== TASK ==
Copy out all the lines of the data precisely, omitting any pictures.

(DATASET CONTENT)

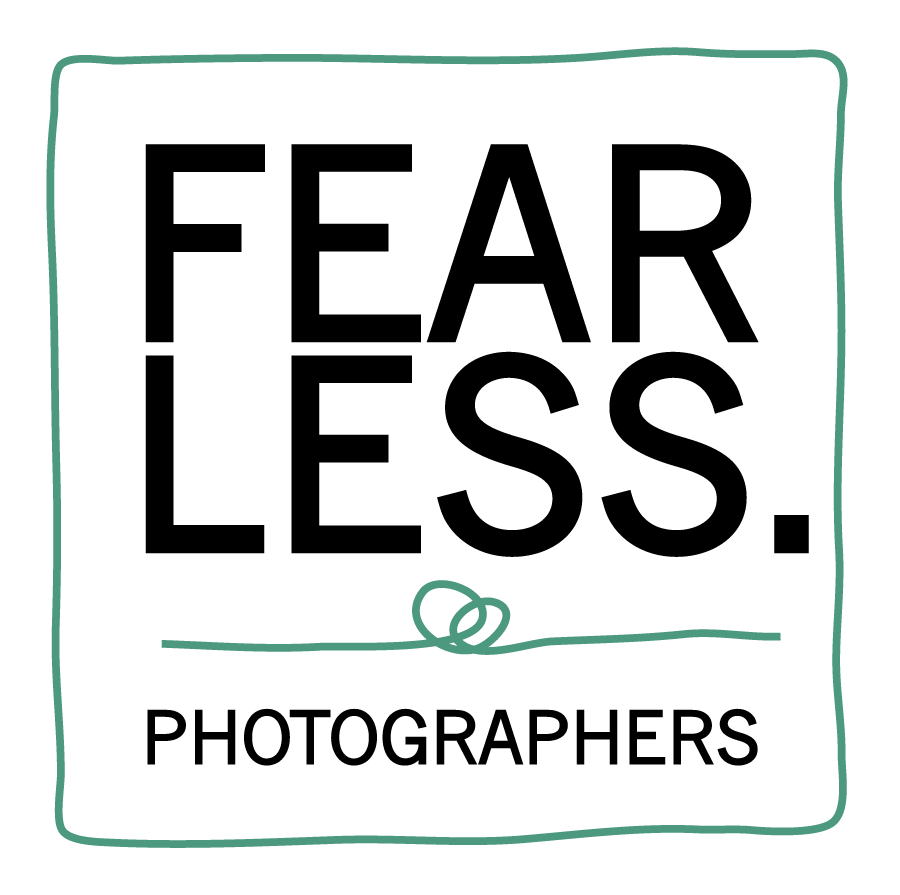 member of fearless photographers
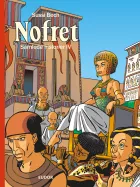 Product cover for Nofret - Samlede historier IV
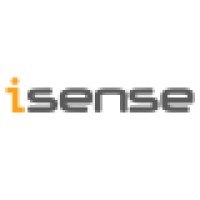 iSENSE logo - Similar company to Infent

(End DATASET CONTENT)

== TASK RESPONSE ==
 member of fearless photographers
 Product cover for Nofret - Samlede historier IV
 iSENSE logo - Similar company to Infent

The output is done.